Moving us to a close as we’ve gone a bit long, here’s where things stand as far as I can tell: When COVID-19 forced a shuttering of the U.S. economy, startups that were impacted made staffing cuts that were loud; startups laying off staff after a years-long talent war was notable and was amply covered by the news media, this publication included. Stocks fell as well, as the rolling quarantines began to bite into employment rolls and consumer spending. But the stock market, accustomed to always going up for about a decade, began to cling on to any bit of good news it could find, some Fed action here, a better COVID-19 number there. Mix in some optimism about a faster recovery timeline for the economy and public investors got their footing back.
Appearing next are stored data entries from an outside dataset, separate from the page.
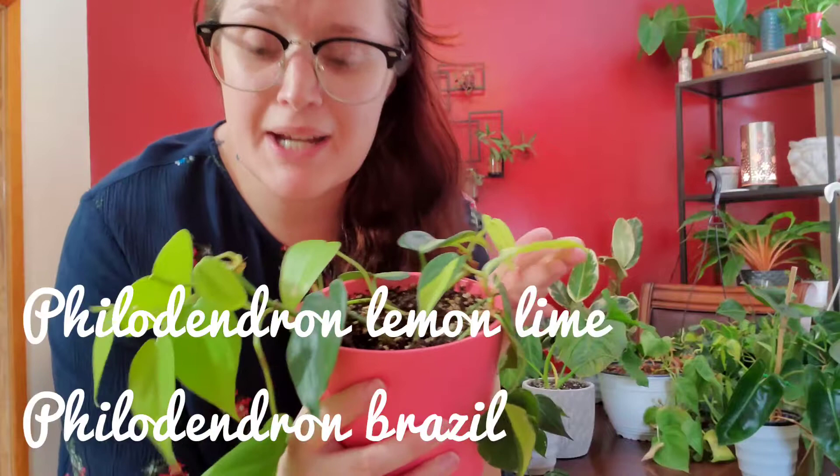It's a pot I made. It has some philodendron lemon lime cordatum and some Brazil philodendron. This one's taken off pretty nicely — it's a very pretty lemon lime color, and the Brazil philodendron has that very pretty stripe down the middle. It's kind of the same color as the lemon lime.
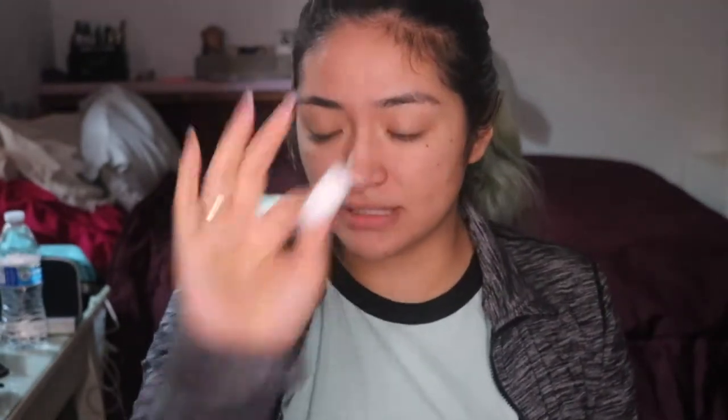I didn't find any makeup remover pads. I only found these little ones, which I'm going to drench a few with toner and just pass it all over my face. My face feels dry.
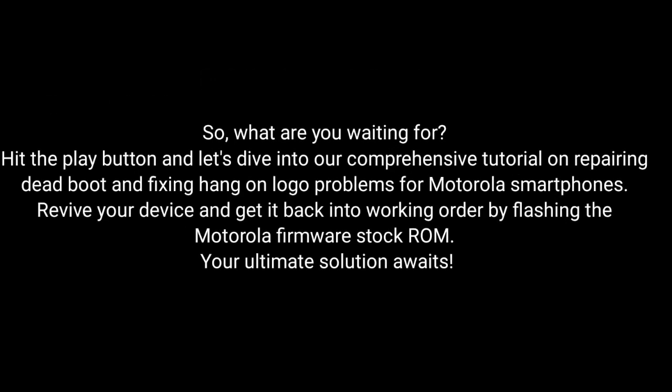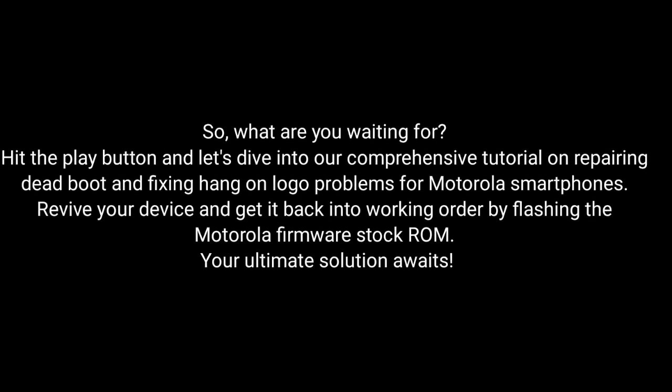Don't let an unresponsive device or logo screen freeze hinder your smartphone experience any longer. So what are you waiting for? Dive into our comprehensive tutorial on repairing dead boot and fixing hang-on logo problems for Motorola smartphones. Revive your device and get it back into working order by flashing the Motorola Firmware Stock ROM. The ultimate solution awaits!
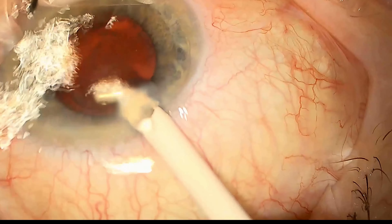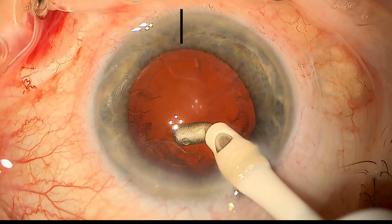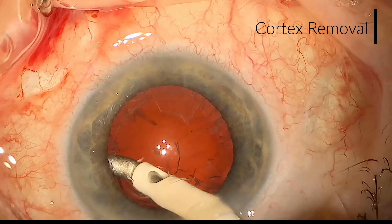And we're just left with the cortex material which we're able to vacuum away using irrigation aspiration.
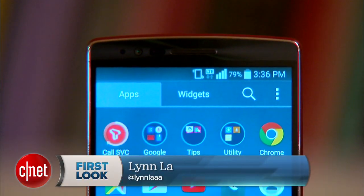Hello everybody, I'm Lynn Law for CNET, and today we're going to check out LG's latest high-end device, the G Flex 2.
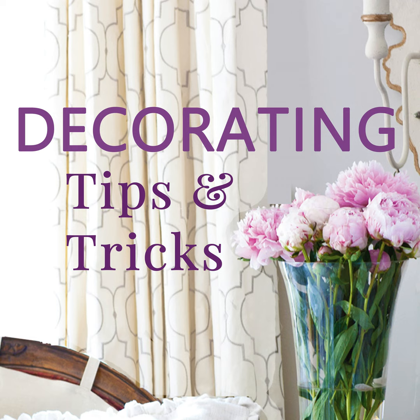Hey everyone, your designers are here. I'm Anita at Cedar Hill Farmhouse, I'm Yvonne at Stone Gable, and I'm Kelly at My Soulful Home. We've got tips and tricks and decorating advice for you today. Today is episode 255, fall mantle ideas, and you can find today's show notes at decoratingtipsandtricks.com/255.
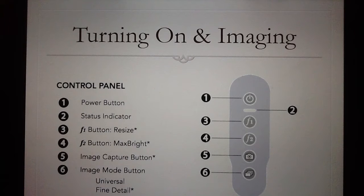On the display monitor, at the very top of the machine, you will see a series of buttons. Here you will visualize that I've labeled the icons, so it makes it a little more convenient for you to see. Power button, status indicator which shows the amount of battery life, resize button which gives you different views, max brightness which increases the light, image capture button which allows you to take live pictures and send them to your computer to show your coworkers, and the image button which gives you more fine, detailed views.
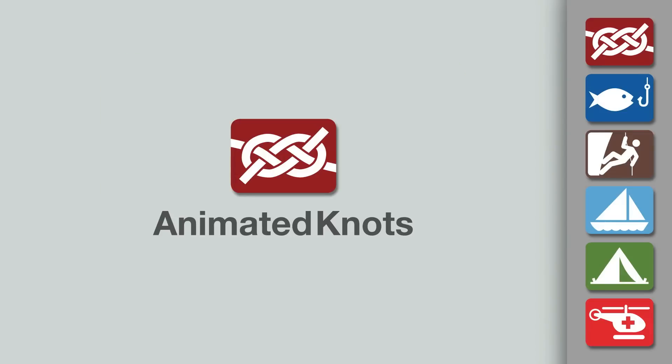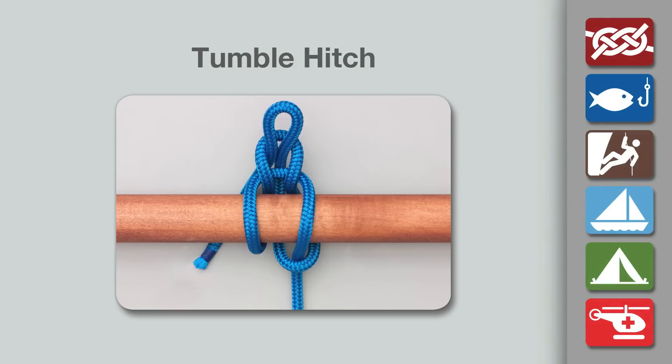Welcome to another knot tying demonstration from AnimatedKnots.com. This video teaches you how to tie the tumble hitch. This knot is best used as a temporary hitch for non-critical loads.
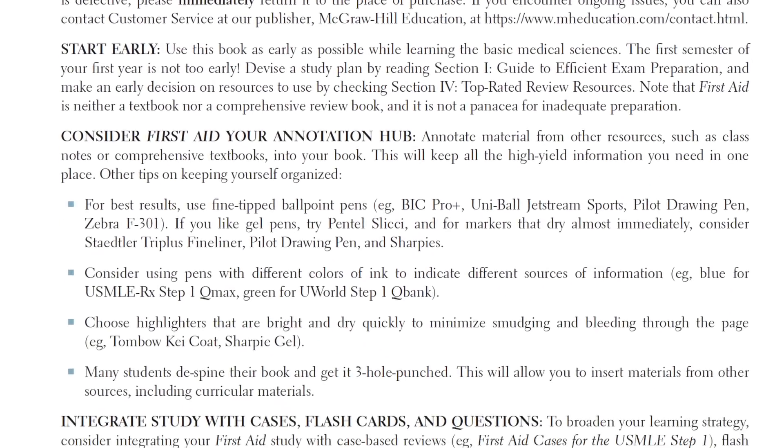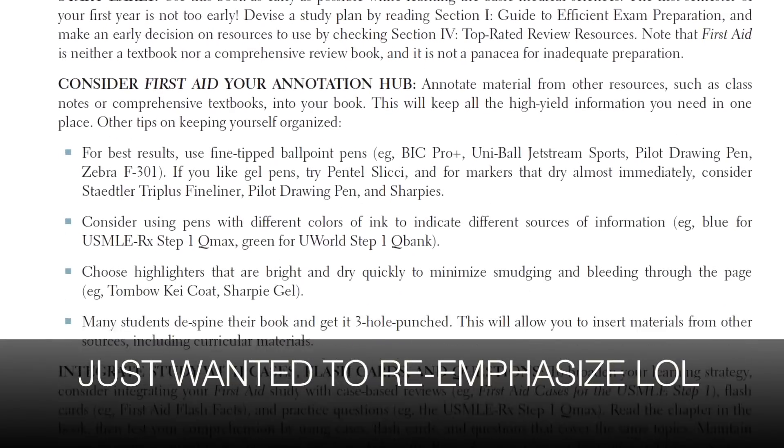So first of all, when you buy First Aid, I really recommend every student to read the 'How to Use This Book' section in the beginning. I had First Aid since day one but wasn't really using it right. It wasn't until I read that section that I figured out — they recommend chopping the spine, getting the book hole-punched, and basically putting everything from your class notes and lecture notes, consolidating everything in one place.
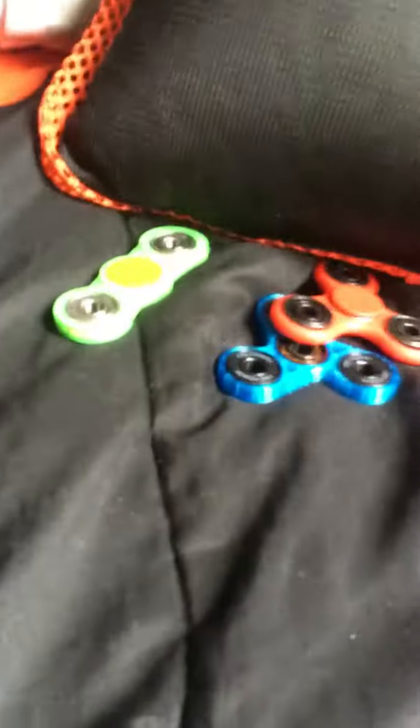Those are my fidget spinners, and time for the shoutout! The shoutout goes to my friend Christian Murphy. I don't want to break my case, but yeah - thank you guys for watching and I'll see you guys later, bye!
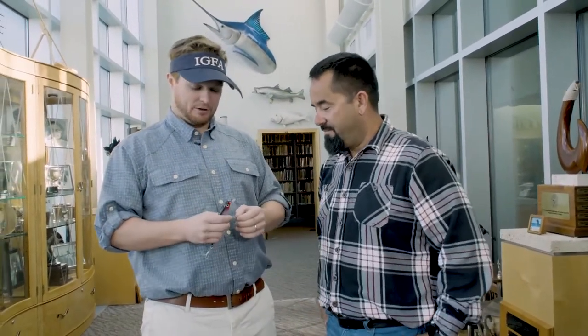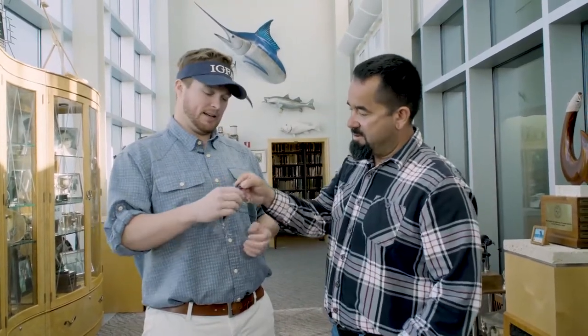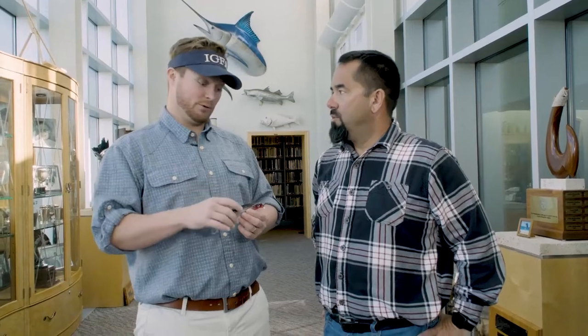The main thing we always try to enforce and promote is that treble hooks are completely prohibited with the use of any natural or live bait — whether it's dead, live, or any natural bait. You cannot use treble hooks by IGFA rules.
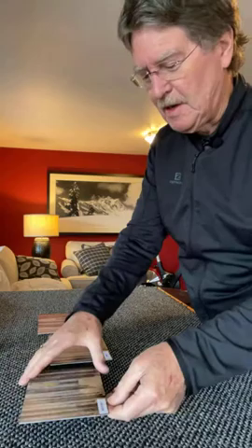Hi everybody, this is Mark Bergsma coming to you from my studio here in Bellingham. Today I want to demonstrate a few product options as far as metal prints are concerned, acrylic prints, and I'm also going to open up another product while I'm here.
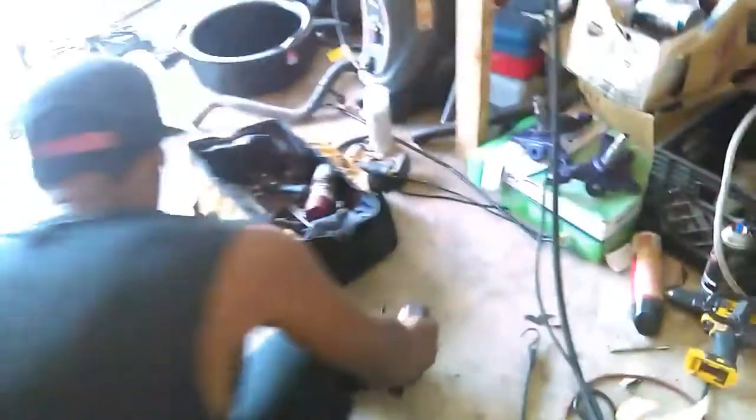Alright, we're going on the floor guys. What's the point of a workbench?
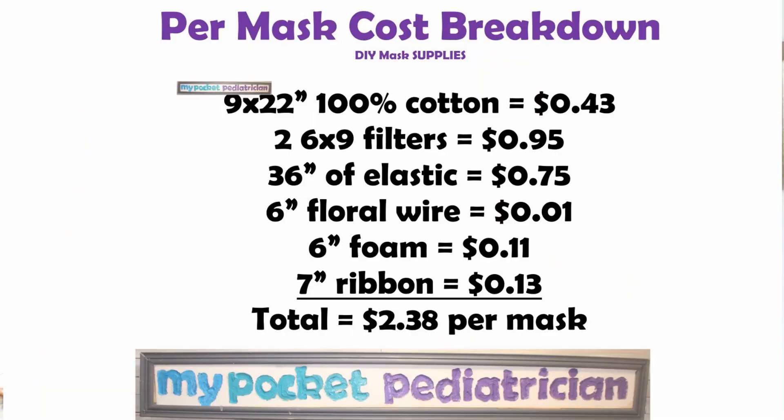So basically we have our fabric which comes out to about 43 cents per mask. We've got two 6 by 9 filters which cost about 95 cents per mask. Then we have 36 inches of elastic which is about 75 cents per mask, six inches of floral wire which is about a penny, six inches of the foam which is about 11 cents, and seven inches of ribbon which is about 13 cents — so that brings us to a grand total of $2.38 per mask.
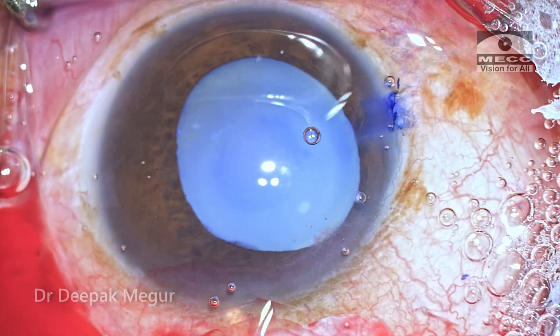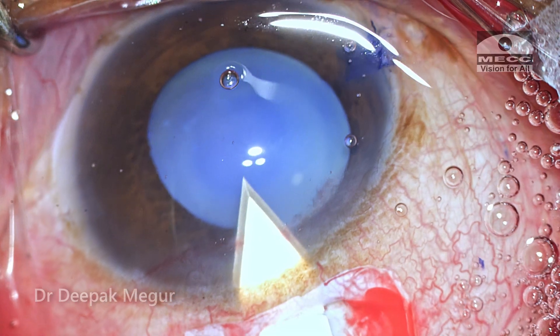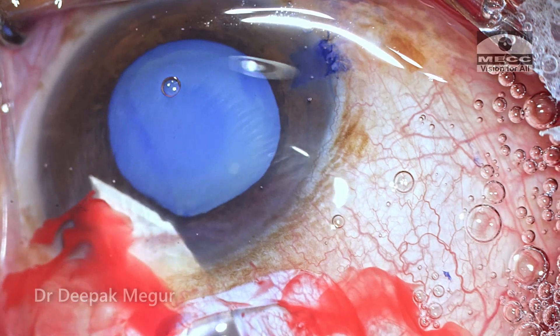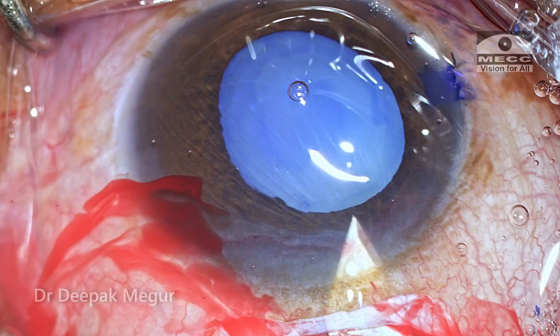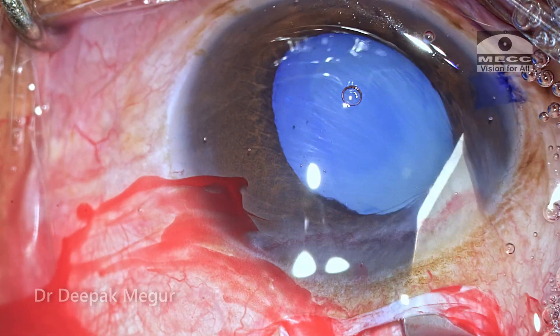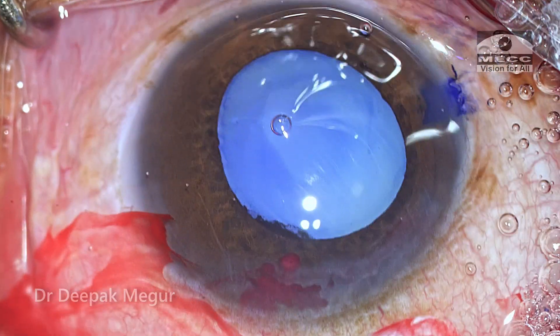After filling the chamber with dispersive OVD, the anterior chamber is entered using a sharp keratome and I've extended the entire width of the tunnel. The internal lip always runs parallel to the limbus, at least one millimeter away from the limbus. This ensures the self-sealing nature of this wound.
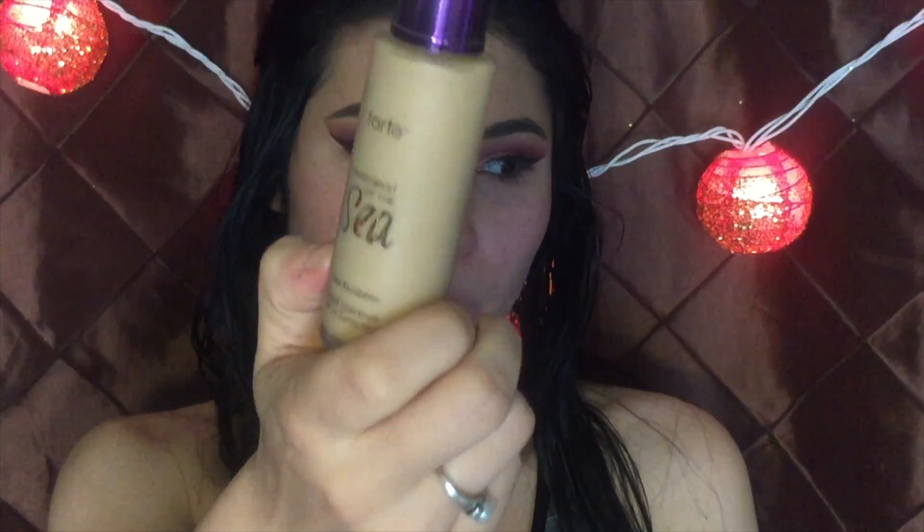Now on to face. I just primed my face with Maybelline Baby Skin — this is for the pores, you know, cuz I got some big pores. And now I'm going to go in with the Tarte Rainforest foundation.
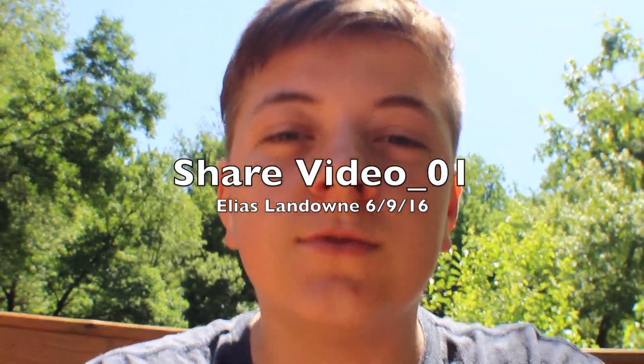Hey everyone, Elias here and welcome to my first share video. I'm starting this informational video series so that you, the members of the Kim Ritten CSA, can learn what to do with all the delicious produce that you get every week in your share.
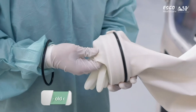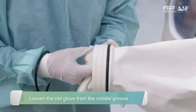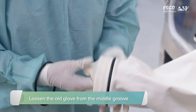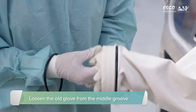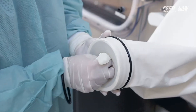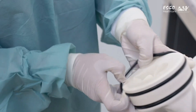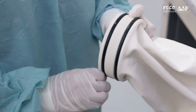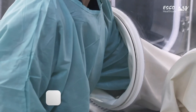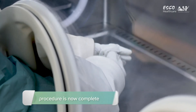Carefully loosen the old glove from the middle groove. Put the glove and sleeve inside the isolator. Working with one hand in the adjacent glove, carefully remove the old glove. The procedure is now complete.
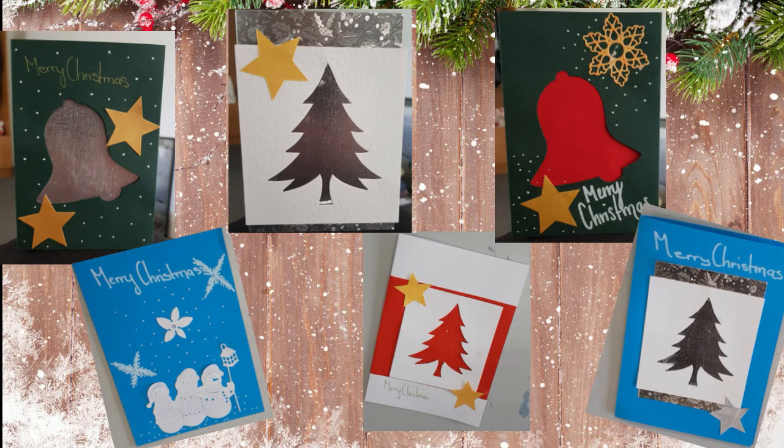Thank you all so much for watching my final DIY Christmas card making tutorial. I really do hope you enjoyed this series — if you did, please leave me a like or comment down below. I would love to hear from you, and it really helps my channel if you're interacting. It also helps if you subscribe, so if you're new here don't forget to subscribe. And don't forget to click the notification bell next to the subscribe button.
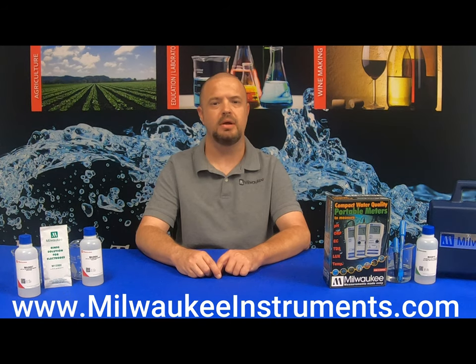When testing pH in meat and cheese applications, be sure to order the Milwaukee Instruments MW102-Food as it includes the MA920B1 probe that is specific for meat and cheese applications. If you already have the standard MW102, you can simply order the MA920B1 pH probe by visiting MilwaukeeInstruments.com.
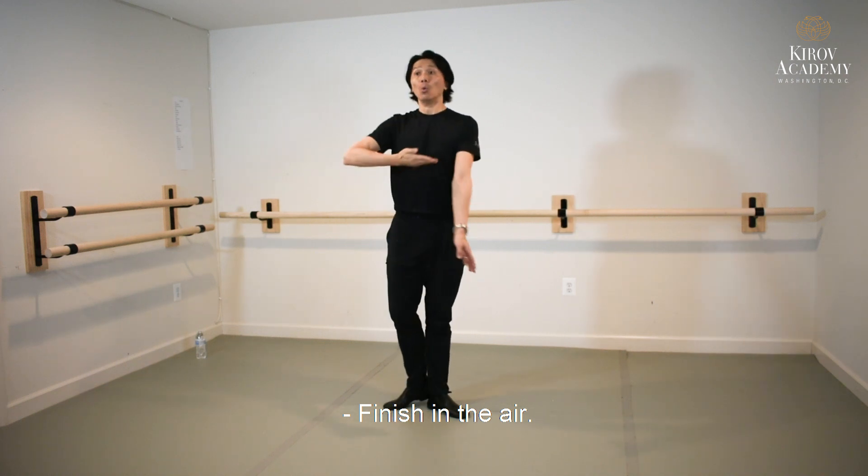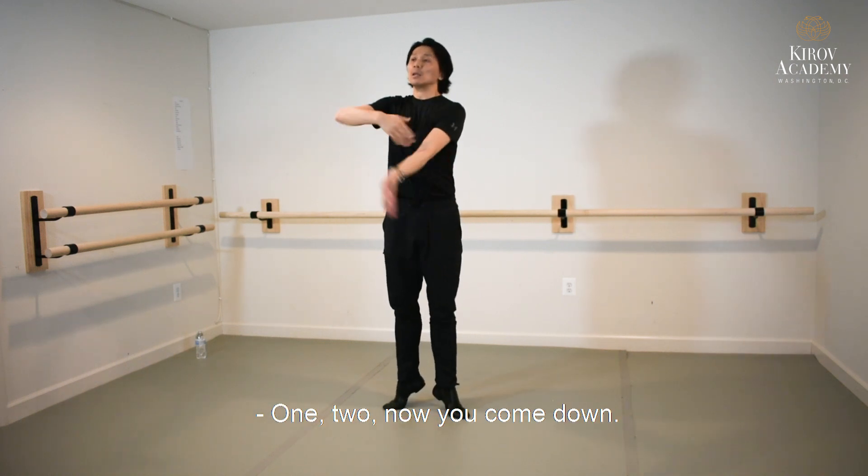Finish in the air — one, two — now you calm down.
We’ll know more when Q2 earnings and Q3 forecasts are out. Private investors have not yet stopped ringing the alarm bells about the economy. The private and public markets cannot both be right as we only have one economy. Sure, big companies have more cash and Amazon is doing well in the current panic, but the stock market rebound has hardly been constrained to a few BigCo pandemic winners.

And that’s the public-private optimism gap today, the inverse of what we saw in late 2018, a little under 1.5 years ago. How quickly the world changes.